Former Chivas star Omar Arellano, who has been under intense pressure to win since taking over the struggling team March 30, was told he would be fired as coach less than 24 hours after a listless Chivas played Lanus of Chile to a disappointing scoreless tie Tuesday night in a Copa Libertadores match.
He was replaced by former Mexico national team assistant coach Francisco "Paco" Ramirez, who made headlines in the United States two months ago when he slapped defender Frankie Hejduk after the Americans' 2-0 win over Mexico in a World Cup qualifier.
"We're enormously happy to have this opportunity to work for such an important club, with its great history and its great relationship with its fans," said Ramirez, who has never managed a soccer team in Mexico's first division. "It's a precious challenge. I believe in the capacity of Club Chivas."
Ramirez's debut as coach will be Sunday in a sold-out Jalisco Stadium against arch-rival America of Mexico City in a game so big, it's known in Mexico simply as "The Classic." And it's a game with huge postseason implications because the teams are separated by only two points with four matches left in the battle for their group's final automatic invitation to the Clasura's eight-team playoff tournament, the Liguilla.
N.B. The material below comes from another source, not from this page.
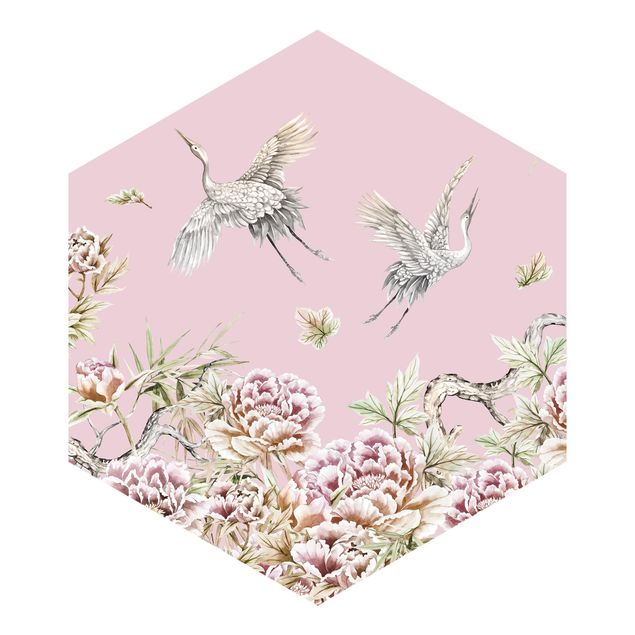 Papier peint animaux Aquarelle - Cigognes en vol avec roses sur rose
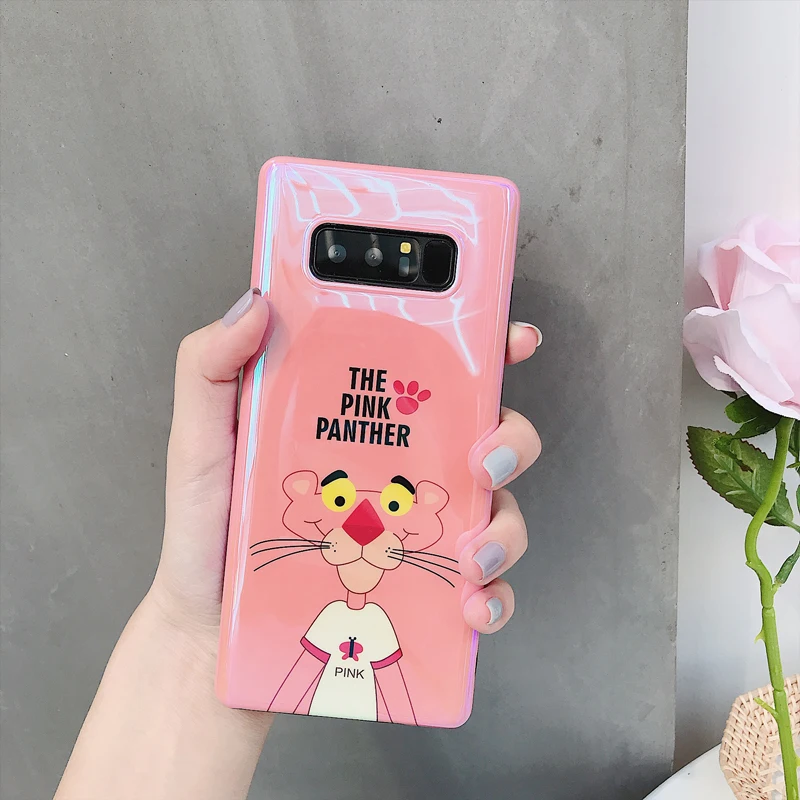 GYPHCA Cartoon Cute The Pink Panther Phone Case For Samsung Galaxy S9 S8 Plus Note 8 9 Soft Blu-Ray Back Cover |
When Chivas missed the postseason in Mexico's fall tournament, the Apertura, it was the first time it had failed to advance since fall 2005.
"We have to win the Classic. That's the responsibility of the team," said Jorge Vergara, Chivas' flamboyant owner, who has changed coaches nine times since taking over the franchise in 2002, winning just one title. "There's no excuse if we don't beat America.
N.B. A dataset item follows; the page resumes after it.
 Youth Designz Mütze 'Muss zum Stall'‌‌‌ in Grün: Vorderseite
"We couldn't be afraid to make the tough decision. The team needs a change."
Although some players were said to be privately upset with Arellano's quick departure, midfielder Jesus Padilla was hopeful the change would light a fire under the team.
"I was surprised. But soccer is like that," he said. "Our job is to play on the field, so we've got to do our best on the field. The players could be motivated. When there's a new coach, you start from zero. And whoever does the best is going to play.
"They're all professional and they know that coaches come and they go."
Arellano, a former Chivas assistant coach, guided the team to one win in three tries since taking over for Efrain Flores, who himself lasted only 18 months in the post. Arellano is reportedly seeking a position with the national team under new Coach Javier Aguirre, who Arellano worked under with Atletico de Madrid.
Mexico's vacant assistant's job is one previously held by Ramirez, who was fired when the entire coaching staff was let go two weeks ago.